We’ve all heard about the rash of identity thefts which are made that much easier with the advent of the Internet and the access we all have to information these days. Maybe you even know someone who’s been a victim of this crime (I do), and the maddening process to untangle yourself from someone who’s using your identity for ill-gotten gain.
My company, Snowbound Software is in the business of document viewing and conversion, so as you can imagine, the security of the content in documents accessed by our applications is of extreme importance to our many customers. And while this information needs to be secure, it also needs to be easily accessible to those who are authorized, a double-edged sword at times.
As I write this, I received an email from Health Data Management talking about two security breaches into healthcare database repositories, one via email login and the other via direct server breach. So what can be done to try and safeguard our personal and business information, and therefore protect ourselves (as best we can) against these types of attacks? Data encryption is one of the ‘keys’, if you’ll pardon the pun…

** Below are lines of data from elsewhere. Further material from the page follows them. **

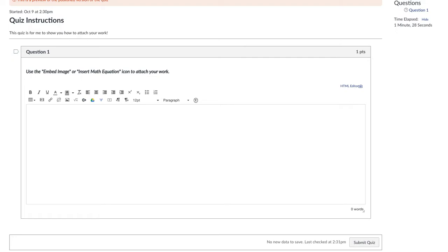So let's say you're on a math question and it's asking you to embed image or insert math equation to attach your work or show your work.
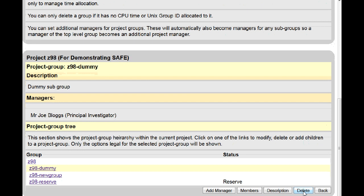Note if there are any resources or users still members of the group, the delete button will not be visible. These must be removed from the group before you're able to delete it.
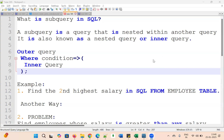Hi all, welcome to the Urbi Academy. Today we are going to discuss one important topic: sub-query in SQL. A sub-query is a query that is nested within another query, and it is also known as a nested query or inner query.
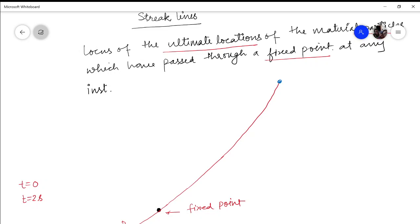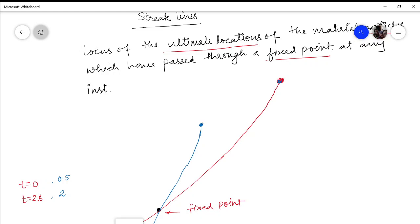Now another particle P2 crosses this fixed point at some later time. The time when this particle P2 arrives here is let us say 0.5 seconds, and we are monitoring it till 2 seconds only. So in these two seconds this particle has reached let us say this point. So this was the ultimate location or the ultimate position of particle P1, and this is the ultimate location of particle P2.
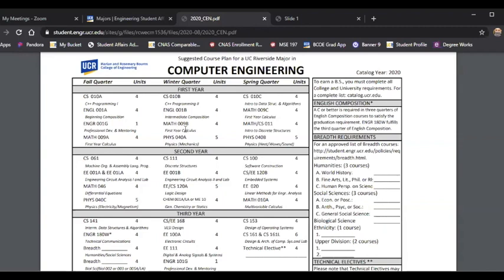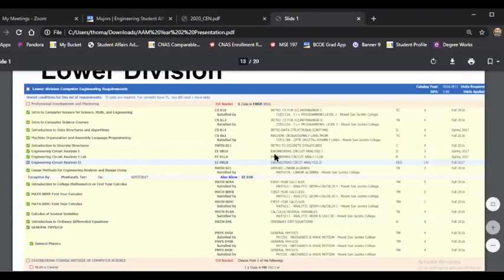As a new student, a transfer student, or somebody who's been in the program for a while, you'll be able to use this kind of like a checklist. Go through and check off or cross out classes that you've completed or are currently enrolled in, to see what comes next in the sequencing. Your sequence should be fall quarter first year, winter quarter, spring quarter, and then on to the second and third year.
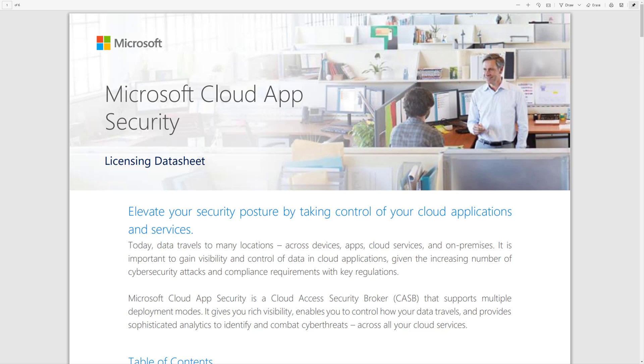But I'll put a link to this document in the video description, and this will walk you through how licensing works with Cloud App Security.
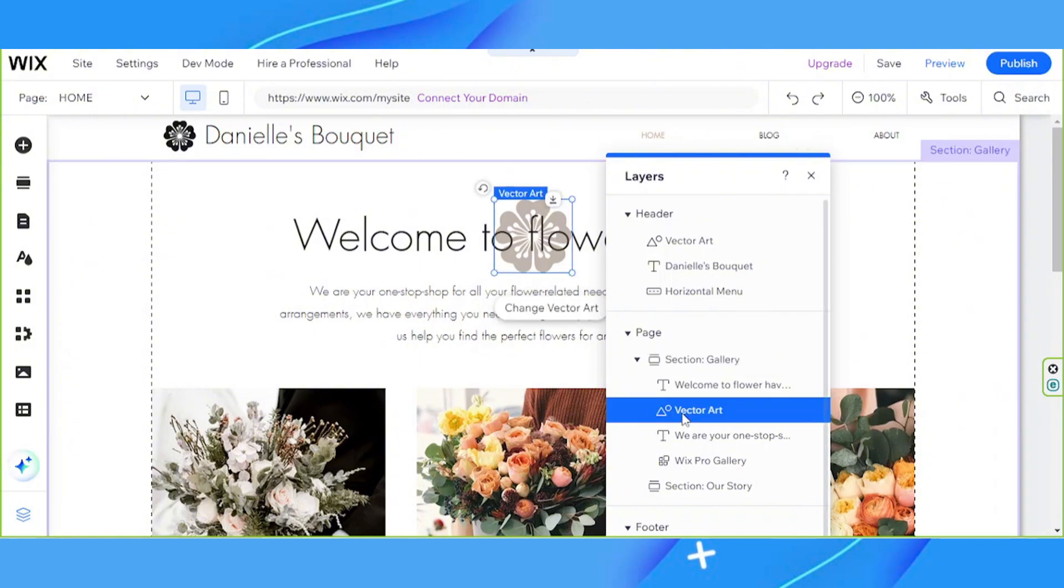Once selected, you'll be able to customize it and move it around. Make sure to bring this element to the front if you want to be able to easily access or select it.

Data encryption refers to mathematical calculations and algorithms that are used to transform plain text into cipher text – unreadable to unauthorized parties. Each encryption system uses a ‘key’ (password) which is shared between the sender and the recipient. This key has the ability to encrypt and decrypt the data. A recipient of an encrypted message uses their ‘key’ to decode encrypted cipher text back into readable plain text.
Prior to the widespread use of the Internet, data encryption was seldom used by the general public, and was more of a military security and communications tool. The growth of online transactions such as banking and shopping has made people more aware of the need for data safeguards. Web browsers automatically encrypt text when making secure server connections (look for the https and padlock designations when shopping online) to thwart intruders.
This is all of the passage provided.